WASHINGTON (BLOOMBREG) – Taiwan harus bersiap diri terhadap potensi agresi China melalui pencegahan militer yang mencakup perolehan senjata yang tepat dan pelatihan yang tepat, kata perwira tinggi angkatan laut AS pada Selasa (17 Mei).
“Itu adalah pelajaran besar yang dipetik dan panggilan bangun, terutama sehubungan dengan tidak hanya memiliki kit yang tepat tetapi orang-orang dilatih untuk menggunakannya dengan cara yang benar,” Laksamana Michael Gilday, kepala operasi angkatan laut, mengatakan pada sebuah acara yang diselenggarakan oleh Dewan Hubungan Luar Negeri yang berfokus pada pengetahuan yang diperoleh dari invasi Rusia ke Ukraina. “Itu tidak boleh hilang pada kita sehubungan dengan Taiwan.”
Laksamana Gilday berbicara di panel yang terdiri dari keenam kepala dinas militer, termasuk jenderal dari Angkatan Darat, Korps Marinir, Angkatan Udara dan Angkatan Luar Angkasa dan laksamana dari Angkatan Laut dan Penjaga Pantai.
China menganggap Taiwan sebagai provinsi pemberontak, untuk dipersatukan kembali, dengan paksa, jika perlu. Mereka secara teratur memprotes penjualan senjata AS ke pulau itu sebagai provokatif.
Juru bicara Kementerian Luar Negeri China Wang Wenbin mengatakan pada hari Rabu pada konferensi pers reguler di Beijing bahwa komentar Laksamana Gilday sama dengan campur tangan dalam urusan negaranya.

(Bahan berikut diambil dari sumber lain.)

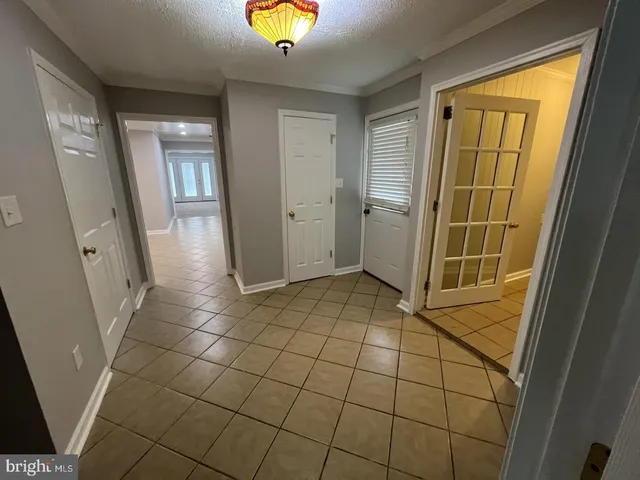 a view of an entryway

“China dengan tegas menentang itu,” katanya.
Para pemimpin militer sepakat bahwa meskipun terlalu dini untuk mengatakan apa implikasi jangka panjang bagi perang di Ukraina, dan bahwa ada perbedaan signifikan antara peristiwa yang terjadi di Eropa dan apa yang bisa terjadi di Asia, ada pelajaran yang bisa diambil dari invasi dan akibatnya.
“Secara geografis ini adalah masalah yang berbeda dari Ukraina,” kata Laksamana Gilday. “Anda tidak akan masuk ke sana dengan cepat atau mudah setelah peluru mulai terbang.”
Jenderal Charles Brown Jr, kepala staf Angkatan Udara, mengatakan satu pelajaran yang mungkin berlaku dari Ukraina adalah bahwa “keinginan negara yang lebih kecil untuk berperang, itu harus diperhitungkan. Reaksi masyarakat internasional dan seberapa cepat mereka mungkin atau mungkin tidak bersatu.”
Pernyataan mereka datang hanya beberapa hari sebelum Presiden Joe Biden akan mengunjungi Jepang dan Korea Selatan sebagai bagian dari upaya untuk memulai inisiatif ekonomi yang telah lama ditunggu-tunggu untuk meningkatkan keterlibatan AS di Asia.